DE NOTRE CORRESPONDANT
ALORS qu'Angela Merkel doit être élue chancelière d'Allemagne aujourd'hui, le seul consensus existant entre la droite et la gauche, en matière de santé, porte sur la nécessité de réformer rapidement le financement de l'assurance-maladie afin d'en assurer la pérennité.
Si la « grande coalition » qui réunit sociaux-démocrates et chrétiens-démocrates prévoit dès à présent de restaurer les finances de l'assurance dépendance, mais aussi de donner un tour de vis aux dépenses de médicaments, notamment en forçant les producteurs de génériques à diminuer leurs prix de 5 %, les opinions divergent quant aux mesures à prendre pour protéger le système à long terme.

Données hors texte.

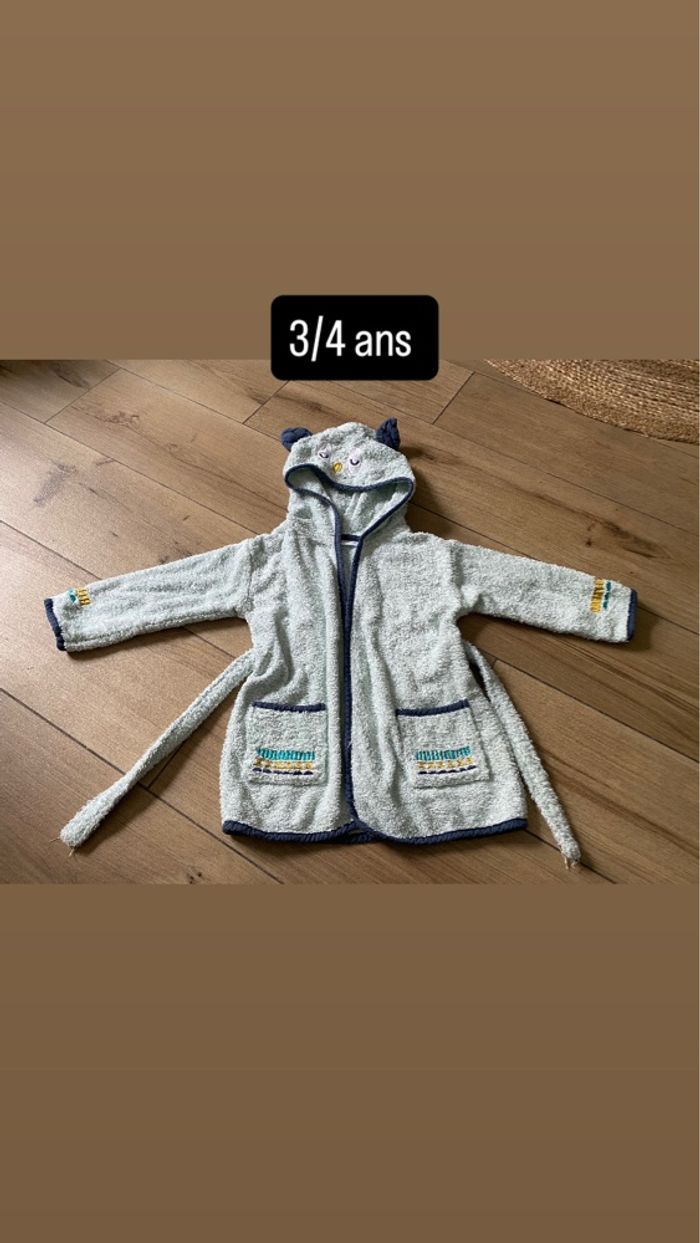 Peignoir  éponge hibou vertbaudet petit garçon 3/4 ans - photo numéro 2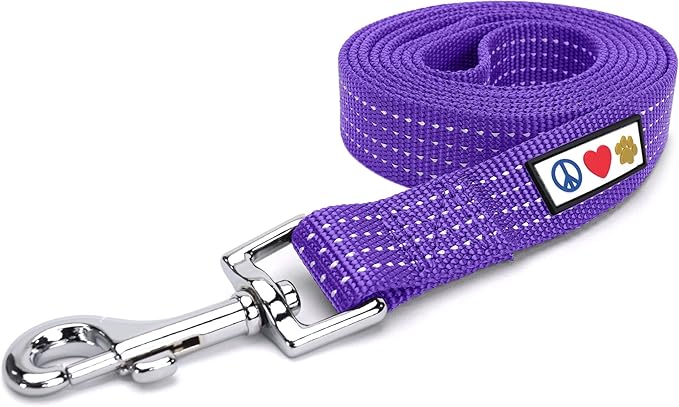 Pawtitas 6 FT Comfortable Dog Leash - Reflective Handle, Heavy Duty Training Leash for Puppies & Small Dogs - Purple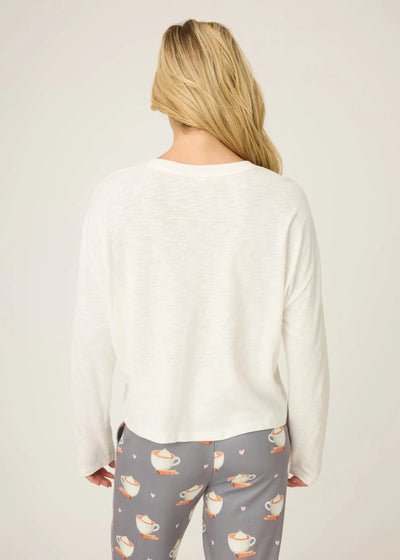 PJ Salvage Love You A Latte  L/S Ivory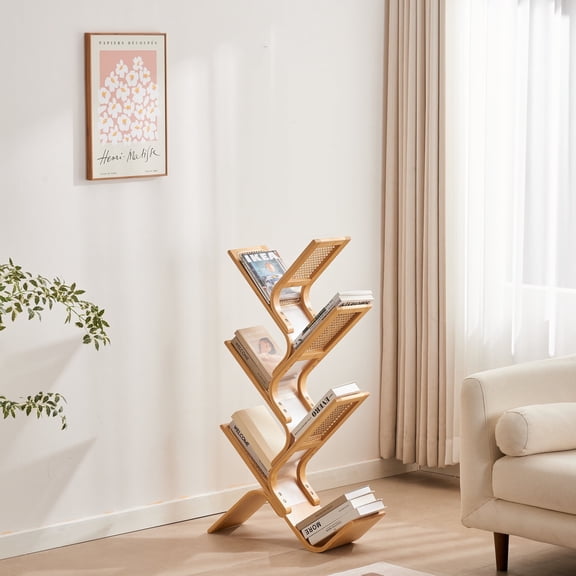 BALANBO Modern Tree Bookshelf with 6-Tier Open Shelves, Freestanding Bookcase for Living Room, Bedroom, Natural Bamboo and Rattan Rack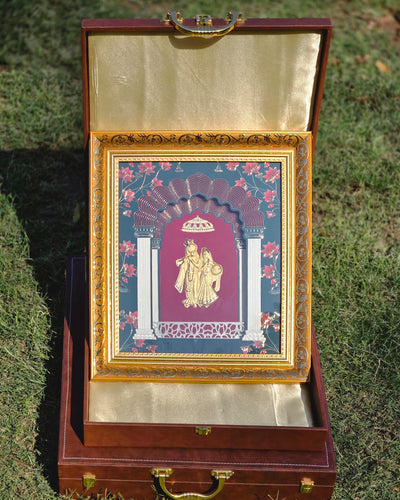 24K Gold Plated Radha Krishna Portrait™ with Leather Suitcase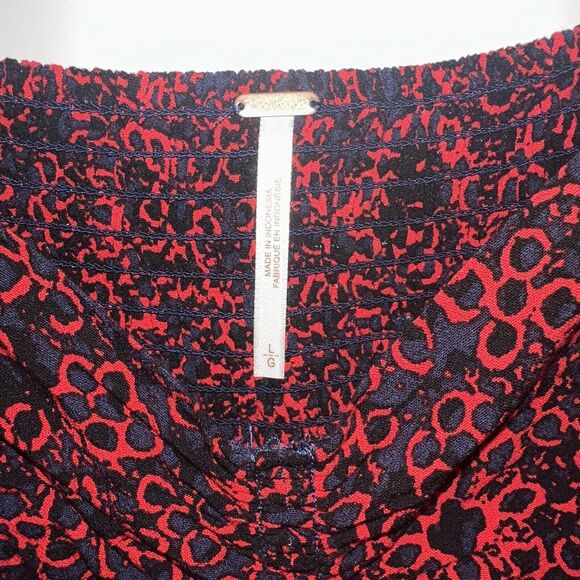 NWT Free People Tabitha Mini Dress Black Combo Red Sze Women Large Casual Eyelet - Picture 4 of 14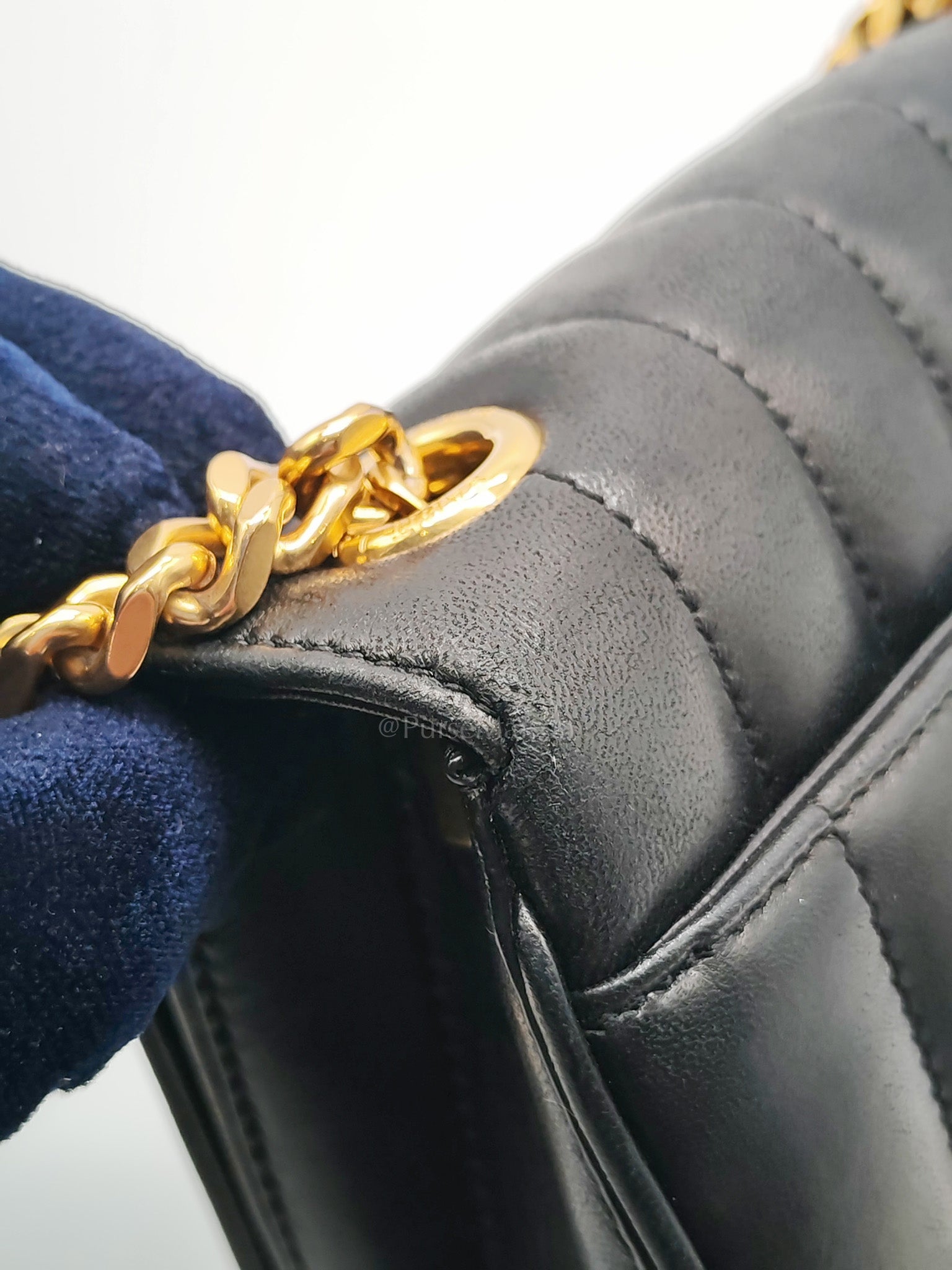 Monogram Vicky Chain Bag Small in Black Lambskin Leather & Gold Hardware | Purse Maison Luxury Bags Shop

Certes, la réforme de 2004 a permis de restaurer l'équilibre de l'assurance-maladie. Mais elle risque de replonger dans le rouge en 2007 si aucune mesure supplémentaire n'est prise. La droite chrétienne-démocrate plaide, depuis deux ans, pour le remplacement des cotisations d'assurance-maladie par des primes d'assurance individuelles. Mais la gauche social-démocrate réclame une « assurance universelle » basée non plus seulement sur les cotisations, mais sur l'ensemble des revenus.
De l'huile sur le feu.
Dans l'immédiat, les deux partenaires de ce qui reste un mariage forcé vont devoir expédier les affaires courantes, et de nombreuses mesures concernant la gestion des hôpitaux, de même que le temps de travail des médecins, entreront en vigueur en janvier, comme prévu.
Alors que les spécialistes de politique de santé des deux partis s'observent avec méfiance, la ministre sortante de la Santé Ulla Schmidt, qui gardera son poste dans le cabinet d'Angela Merkel, vient de jeter de l'huile sur le feu en annonçant, le 15 novembre dans la presse, une réforme de la rémunération des médecins et de l'organisation des caisses. Elle souhaite réduire considérablement le nombre de caisses maladie existant dans le pays, plus de 260 actuellement, et surtout s'attaquer à la structure des honoraires médicaux.
Il existe en Allemagne deux catégories d'assurés, ceux qui dépendent des caisses publiques, équivalentes à nos caisses primaires, et ceux qui dépendent de caisses privées ou gérées par les entreprises.
Un peu à l'image de notre secteur II, les médecins qui soignent un patient affilié à une caisse privée ou d'entreprise peuvent demander jusqu'à 1,7 fois le prix de la consultation qu'ils demandent à un patient « public ».
A l'occasion d'une refonte de la nomenclature des actes, Ulla Schmidt a proposé d'unifier les honoraires des deux groupes, par un système de péréquation : on abaisse certains honoraires, on en relève d'autres. L'Ordre et les syndicats médicaux ont réagi aussitôt avec vigueur, en dénonçant un plan d'économies déguisé : cette unification se traduirait, selon leurs calculs, par une perte de 17 000 euros par an et par médecin, alors même que leurs revenus stagnent ou baissent. Selon l'Ordre, la ministre veut « niveler le système de santé par le bas », et cette mesure pourrait acculer à la faillite près d'un cabinet médical sur trois. Prononcées quelques jours avant « l'intronisation » d'Angela Merkel, les déclarations de Ulla Schmidt ne sont pas, bien sûr, le fruit du hasard. Elles confirment les craintes des médecins qui redoutent que le nouveau gouvernement, à défaut de réformer la santé, ne se lance dans une course éperdue aux économies et à la rigueur, dont les professionnels seront les premières victimes.